It has been well known that beta-adrenoceptor is responsible for the renin release stimulatory and alpha-adrenoceptor may be inhibitory. It has been observed accidently that alpha-adrenergic agonist can inhibit renin release by just changing the medium temperature in Vitro experiment in this laboratory. A series of experiments were performed to clarify this interesting phenomena in Vitro experiment.

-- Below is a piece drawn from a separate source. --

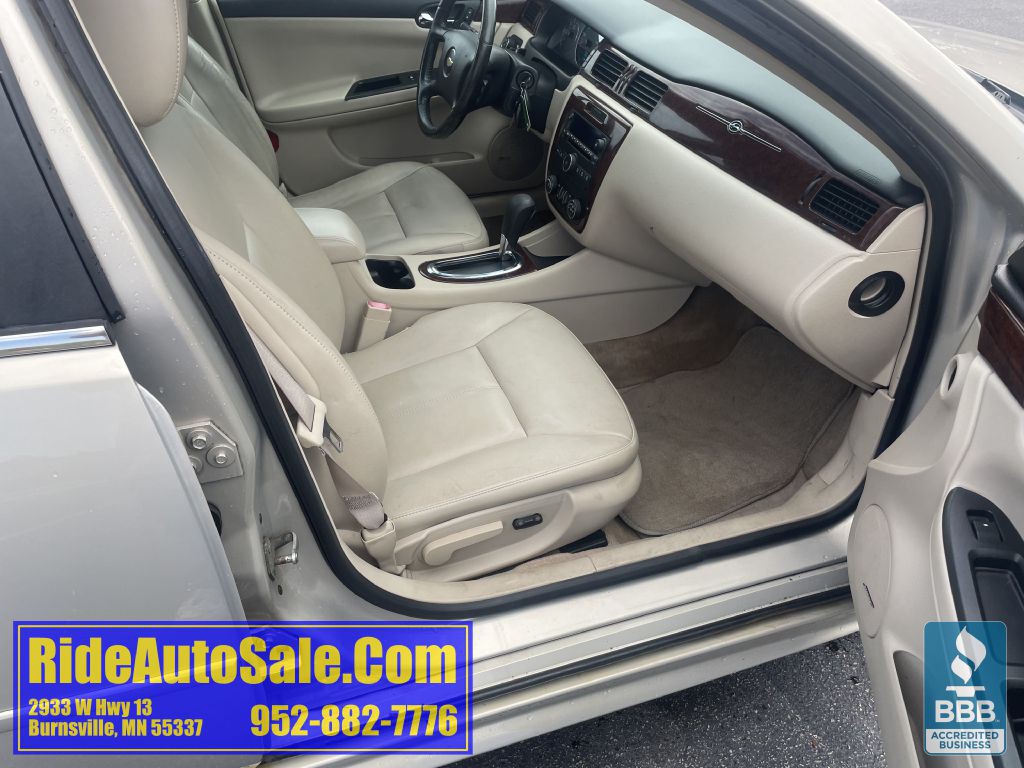 2011 Chevrolet Impala Image 14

Rat renal slices were incubated in PSS medium under gas phase at $37^{\circ}C$. The following results were observed. 1) Isoproterenol and norepinephrine resulted in renin release stimulatory in dose-dependent by the concentrations of $10^{-9}$ to $10^{-5}\;M/L$ at $37^{\circ}C$. 2) Norepinephrine resulted in renin release inhibitory in dose dependent by the concentrations of $10^{-7}$ to $10^{-5}\;M/L$, and almost no effect by isoproterenol $10^{-6}\;M/L$ at $20^{\circ}C$. 3) Phenoxybenzamine pretreatment at $37^{\circ}C$ accentuated isoproterenol stimulatory effect at $37^{\circ}C$. 4) Phenoxybenzamine pretreatment at $20^{\circ}C$ attenuated isoproterenol stimulatory effect at $37^{\circ}C$. These data suggest that the renal adrenoceptor(s) related to renin release maybe a single entity, and can be interconverted different forms in certain conditions.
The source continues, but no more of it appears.